Cependant, ce n'est pas seulement l'argent qui affaiblit la sécurité communautaire du Canada. C'est l'affaiblissement des outils destinés aux forces policières. Dans le projet de loi C-59, les libéraux feront en sorte qu'il sera plus difficile pour les forces policières et la Couronne d'obtenir un mandat visant des menaces à la sécurité connues. Si les services de police sont au courant d'une menace, ils peuvent obtenir une ordonnance d'engagement, un mandat pour surveiller cette personne, qui sont émis par un juge.
Les libéraux feront en sorte qu'il sera plus difficile pour les forces policières et les organismes de sécurité de surveiller les menaces connues.
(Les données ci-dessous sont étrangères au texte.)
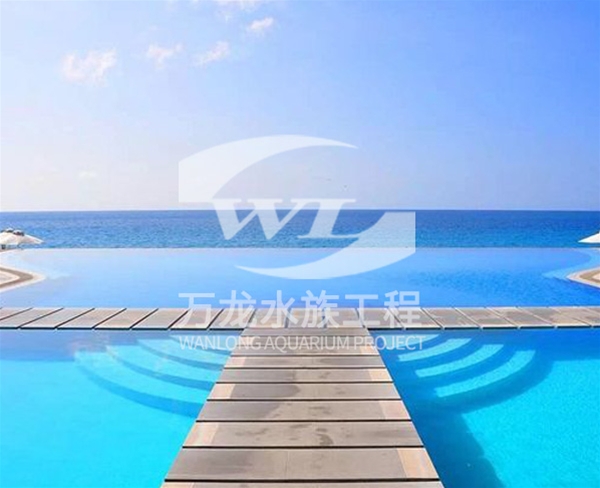 無邊際（界）泳池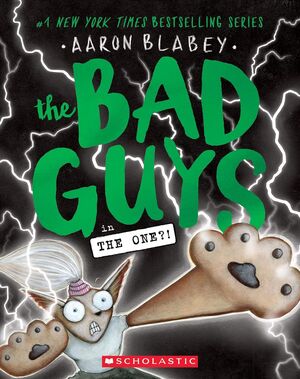 BAD GUYS 12: IN THE ONE?!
Qui en profitera? Je pense que les seules personnes qui en profiteront seront les criminels et les terroristes qui sont prêts à nous faire du mal. Le fait qu'il sera plus difficile pour les forces policières de contrer les menaces n'aide pas la classe moyenne, les riches ou les pauvres. Cela complique le travail des forces policières et celui de ceux qui s'efforcent de prévenir les crimes et de faire du Canada un pays sécuritaire. Je le répète, cela nuit à la sécurité publique et ce sont les travailleurs canadiens honnêtes et respectueux de la loi qui en souffrent.
Des membres de la communauté juive ont dit clairement qu'ils étaient très inquiets de l'élimination de la disposition relative à la promotion du terrorisme, qui est prévue dans le projet de loi C-59. En 2017, pour la troisième année consécutive, il y a eu un nombre record de crimes haineux contre la communauté juive. Pourtant, les libéraux sont prêts à éliminer une disposition du Code criminel qui rend la promotion du terrorisme illégale. Malgré une hausse des crimes haineux, ils sont prêts à laisser le groupe État islamique faire appel à la violence et diffuser des vidéos d'attaques de loups solitaires sur YouTube et autres tout en étant à l'abri de poursuites.
Je sais que ce n'est pas quelque chose que les Canadiens appuient. Ils ne veulent pas que le Canada devienne le nouveau foyer du terrorisme radical et des terroristes du groupe État islamique. Toutefois, à l'heure actuelle, le Canada ne traduit pas en justice les terroristes et les combattants du groupe État islamique qui reviennent ici, n'impose pas de sanctions pour les incitations à la haine et à la violence, et est le seul pays occidental dont les frontières ne sont pas protégées. Compte tenu de tout cela, nous pourrions bien à l'avenir être aux prises avec une crise majeure.
Le gouvernement libéral ne cesse de faire passer les Canadiens après la promotion de ses vertus politiques et de ses causes de justice sociale. Les libéraux ne servent pas les Canadiens; ils servent uniquement leurs propres intérêts. Dans le projet de loi C-59, les libéraux semblent constamment proclamer leurs vertus et faire la promotion de la justice sociale. Les activités de protestation, de défense d'une cause et d'expression artistique sont toutes reconnues dans la Loi antiterroriste comme des activités légitimes, tant qu'elles ne sont pas associées à des actes violents ou criminels. Toutefois, les libéraux ont jugé nécessaire de le préciser à maintes reprises dans un projet de loi omnibus.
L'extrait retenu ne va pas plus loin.